Goal of the exercise — Go from the first line below to the one with "Verzinkte fietsbeugel van" and print each line exactly.

Collected data entries:

[Start of section]

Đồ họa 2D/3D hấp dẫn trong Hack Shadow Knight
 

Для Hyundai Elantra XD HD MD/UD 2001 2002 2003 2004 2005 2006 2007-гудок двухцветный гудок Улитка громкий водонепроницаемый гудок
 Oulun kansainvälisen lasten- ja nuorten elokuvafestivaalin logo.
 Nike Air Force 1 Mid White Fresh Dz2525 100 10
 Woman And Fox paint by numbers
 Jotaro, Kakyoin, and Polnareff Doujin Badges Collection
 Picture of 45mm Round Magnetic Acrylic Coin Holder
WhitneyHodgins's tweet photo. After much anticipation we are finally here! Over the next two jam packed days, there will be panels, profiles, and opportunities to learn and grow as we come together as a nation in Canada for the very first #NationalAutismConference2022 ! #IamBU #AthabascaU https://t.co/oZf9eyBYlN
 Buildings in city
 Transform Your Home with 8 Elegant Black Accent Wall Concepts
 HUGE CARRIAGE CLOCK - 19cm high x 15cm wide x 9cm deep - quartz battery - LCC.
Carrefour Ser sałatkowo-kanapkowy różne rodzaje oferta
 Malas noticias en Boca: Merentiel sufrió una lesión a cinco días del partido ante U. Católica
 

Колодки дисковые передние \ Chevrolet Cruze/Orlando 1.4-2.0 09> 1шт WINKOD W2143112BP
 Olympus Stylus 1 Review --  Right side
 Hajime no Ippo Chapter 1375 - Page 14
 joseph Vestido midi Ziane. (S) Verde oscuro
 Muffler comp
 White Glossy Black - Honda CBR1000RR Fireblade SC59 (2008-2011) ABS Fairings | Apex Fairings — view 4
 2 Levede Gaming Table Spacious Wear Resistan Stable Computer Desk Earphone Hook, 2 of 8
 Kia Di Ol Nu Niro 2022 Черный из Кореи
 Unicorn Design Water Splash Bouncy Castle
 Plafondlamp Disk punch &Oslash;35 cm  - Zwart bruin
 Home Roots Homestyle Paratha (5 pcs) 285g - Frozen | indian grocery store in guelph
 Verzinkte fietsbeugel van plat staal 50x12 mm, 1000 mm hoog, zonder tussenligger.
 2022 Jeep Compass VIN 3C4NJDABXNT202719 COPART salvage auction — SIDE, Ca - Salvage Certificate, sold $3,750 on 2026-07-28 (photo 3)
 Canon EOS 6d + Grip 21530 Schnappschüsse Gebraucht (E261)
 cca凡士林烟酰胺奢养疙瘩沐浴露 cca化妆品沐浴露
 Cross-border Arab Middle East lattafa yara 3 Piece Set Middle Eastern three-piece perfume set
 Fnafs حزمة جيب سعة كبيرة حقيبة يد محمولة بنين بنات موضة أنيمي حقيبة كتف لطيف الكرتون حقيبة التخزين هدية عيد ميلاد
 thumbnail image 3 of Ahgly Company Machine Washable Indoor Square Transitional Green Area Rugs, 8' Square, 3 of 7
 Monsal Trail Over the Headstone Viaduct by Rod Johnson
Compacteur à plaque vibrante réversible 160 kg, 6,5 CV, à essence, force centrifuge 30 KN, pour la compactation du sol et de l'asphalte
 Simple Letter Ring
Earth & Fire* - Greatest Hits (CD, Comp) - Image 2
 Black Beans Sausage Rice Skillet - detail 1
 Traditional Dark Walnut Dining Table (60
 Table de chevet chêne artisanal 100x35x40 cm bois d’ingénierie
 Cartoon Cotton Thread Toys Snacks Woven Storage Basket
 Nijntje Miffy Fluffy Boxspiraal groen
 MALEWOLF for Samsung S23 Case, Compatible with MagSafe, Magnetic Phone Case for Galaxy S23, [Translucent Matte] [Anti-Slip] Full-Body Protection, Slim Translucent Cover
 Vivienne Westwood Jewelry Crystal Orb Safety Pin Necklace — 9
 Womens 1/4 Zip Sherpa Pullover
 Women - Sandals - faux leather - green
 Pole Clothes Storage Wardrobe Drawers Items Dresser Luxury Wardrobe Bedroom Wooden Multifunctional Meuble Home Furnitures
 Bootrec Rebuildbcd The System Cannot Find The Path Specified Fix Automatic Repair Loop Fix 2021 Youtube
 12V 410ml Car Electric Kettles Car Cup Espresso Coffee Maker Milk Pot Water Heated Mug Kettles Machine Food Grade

[End of section]

Exercise solution —
Đồ họa 2D/3D hấp dẫn trong Hack Shadow Knight
 

Для Hyundai Elantra XD HD MD/UD 2001 2002 2003 2004 2005 2006 2007-гудок двухцветный гудок Улитка громкий водонепроницаемый гудок
 Oulun kansainvälisen lasten- ja nuorten elokuvafestivaalin logo.
 Nike Air Force 1 Mid White Fresh Dz2525 100 10
 Woman And Fox paint by numbers
 Jotaro, Kakyoin, and Polnareff Doujin Badges Collection
 Picture of 45mm Round Magnetic Acrylic Coin Holder
WhitneyHodgins's tweet photo. After much anticipation we are finally here! Over the next two jam packed days, there will be panels, profiles, and opportunities to learn and grow as we come together as a nation in Canada for the very first #NationalAutismConference2022 ! #IamBU #AthabascaU https://t.co/oZf9eyBYlN
 Buildings in city
 Transform Your Home with 8 Elegant Black Accent Wall Concepts
 HUGE CARRIAGE CLOCK - 19cm high x 15cm wide x 9cm deep - quartz battery - LCC.
Carrefour Ser sałatkowo-kanapkowy różne rodzaje oferta
 Malas noticias en Boca: Merentiel sufrió una lesión a cinco días del partido ante U. Católica
 

Колодки дисковые передние \ Chevrolet Cruze/Orlando 1.4-2.0 09> 1шт WINKOD W2143112BP
 Olympus Stylus 1 Review --  Right side
 Hajime no Ippo Chapter 1375 - Page 14
 joseph Vestido midi Ziane. (S) Verde oscuro
 Muffler comp
 White Glossy Black - Honda CBR1000RR Fireblade SC59 (2008-2011) ABS Fairings | Apex Fairings — view 4
 2 Levede Gaming Table Spacious Wear Resistan Stable Computer Desk Earphone Hook, 2 of 8
 Kia Di Ol Nu Niro 2022 Черный из Кореи
 Unicorn Design Water Splash Bouncy Castle
 Plafondlamp Disk punch &Oslash;35 cm  - Zwart bruin
 Home Roots Homestyle Paratha (5 pcs) 285g - Frozen | indian grocery store in guelph
 Verzinkte fietsbeugel van plat staal 50x12 mm, 1000 mm hoog, zonder tussenligger.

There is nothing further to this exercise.